2.2 Dynamic graph model for Bitcoin transaction anomaly detection
With the development of GNNs, the dynamic Graph Anomaly Detection (DGAD) methods [31,32] have also demonstrated excellent performance in the task of Bitcoin transaction anomaly detection. This section mainly discusses the three DGAD settings: supervised, unsupervised, and semi-supervised.

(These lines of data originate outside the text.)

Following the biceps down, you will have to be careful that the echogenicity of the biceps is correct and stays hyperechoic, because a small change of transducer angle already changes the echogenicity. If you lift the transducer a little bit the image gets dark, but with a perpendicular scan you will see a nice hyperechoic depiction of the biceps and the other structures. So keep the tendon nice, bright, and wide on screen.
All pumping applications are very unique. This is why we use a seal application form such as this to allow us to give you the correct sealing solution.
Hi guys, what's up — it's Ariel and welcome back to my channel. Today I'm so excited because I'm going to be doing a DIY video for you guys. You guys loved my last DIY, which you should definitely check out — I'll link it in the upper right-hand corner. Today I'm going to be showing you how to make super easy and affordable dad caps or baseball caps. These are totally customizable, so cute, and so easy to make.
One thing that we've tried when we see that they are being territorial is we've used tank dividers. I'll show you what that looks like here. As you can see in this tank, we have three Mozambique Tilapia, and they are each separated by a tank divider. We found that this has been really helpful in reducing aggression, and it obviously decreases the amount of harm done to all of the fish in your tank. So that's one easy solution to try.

Supervised learning constructs models using labeled data to detect anomalies in new dynamic graphs. This method achieves high accuracy and effectively learns the differences between normal and anomalous patterns. It can be primarily divided into two categories. The first category is classification-based methods, such as SVM and decision trees. Taking the dynamic social network as an example, such methods perform anomaly detection solely by inputting node features at different time points; the second is deep learning methods, such as using CNN and RNN to process dynamic graph sequence data, extract features, and apply them to classification tasks [33,34].

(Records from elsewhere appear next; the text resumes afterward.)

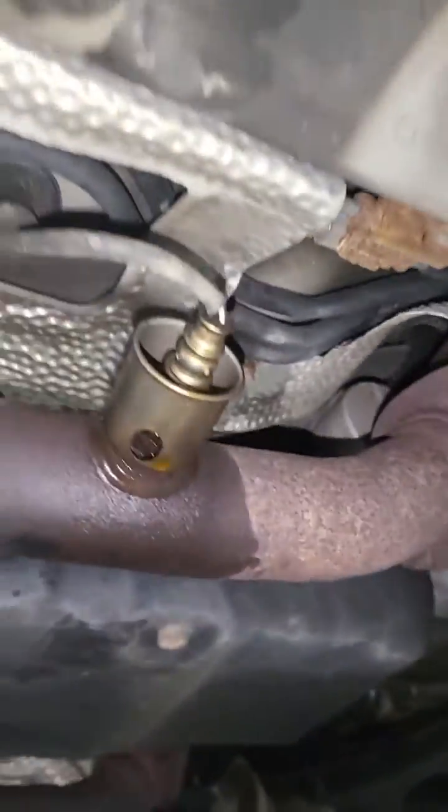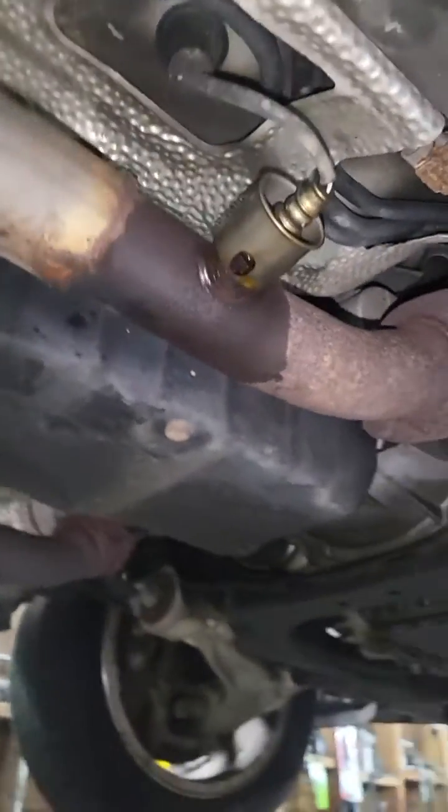Bank one sensor one will be the top oxygen sensor right there. Bank one sensor two is also on the passenger side.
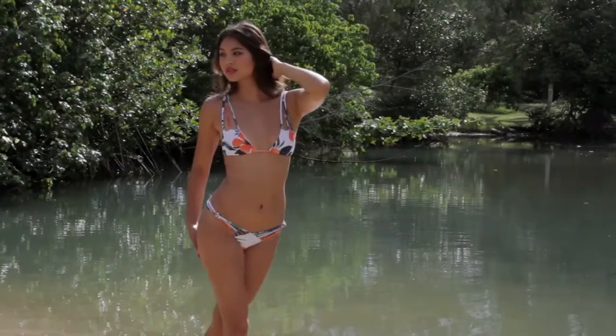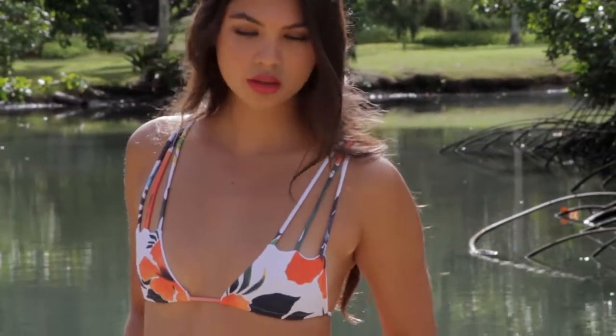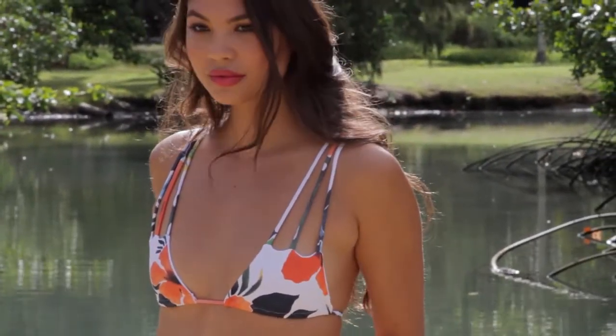Knotted 3-Strap. This bra-style top features a skinny 3-strap detail over both shoulders and ties at center back.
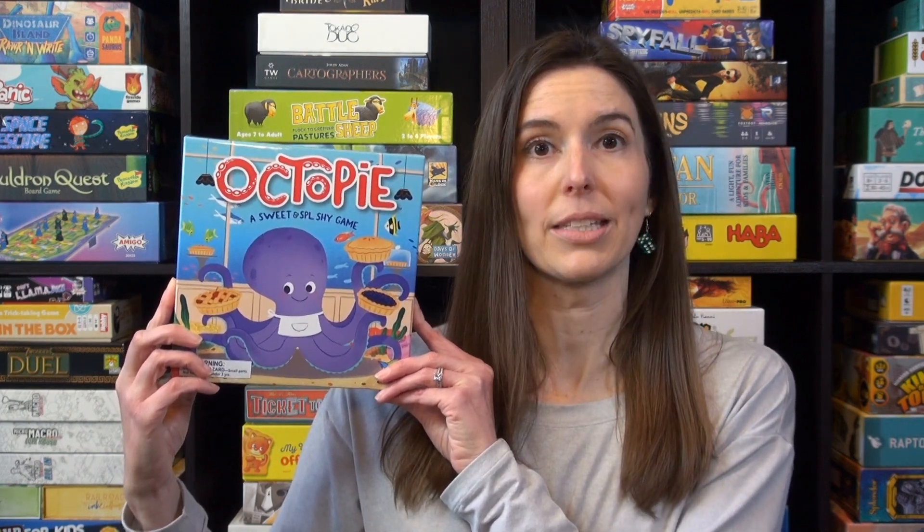Hi, I'm Anne from Game Like a Mother. Today I'm going to show you how to play Octopi. It's ages five and up, two to four players, and takes 15 minutes. Let me show you how to play.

Unsupervised learning does not require labeled data; it identifies anomalies based on the distribution and structural characteristics of the data, if normal data follows specific patterns while anomalous data deviates from these patterns. This approach is suitable for scenarios where labeled data is difficult to obtain. Commonly used methods include density-based algorithms (e.g., LOF [35] identifies anomalies by calculating local density), clustering methods (where normal data forms tight clusters and anomalous points deviate from the cluster center), and reconstruction-based graph autoencoders (GAE reconstructs graph structures, such as DOMINANT [36] using GCN to implement GAE’s graph structure reconstruction, while AnomalyDAE [37] enhances structural reconstruction performance). Additionally, some researchers have proposed the TAM [38] method to conduct in-depth exploration of the relationships between nodes and subgraphs, but there is still room for improvement in its utilization of labeled information.
Semi-supervised learning lies between supervised and unsupervised learning, utilizing a small amount of labeled data and a large amount of unlabeled data to reduce the demand for labeling while enhancing the model’s generalization ability. Current methods can be divided into traditional classification algorithms (such as semi-supervised SVM, which constructs an initial classifier and iteratively updates it) and deep learning algorithms based on GCN. Although one-class classification [39–41] is widely applied in visual data, it is rarely seen in the node-level anomaly detection task for dynamic graphs. A common requirement for this type of task is that both normal nodes and abnormal nodes are labeled, which has high requirements in terms of cost. By comparison, the semi-supervised method of one-class classification is more practical in the Bitcoin transaction anomaly detection task.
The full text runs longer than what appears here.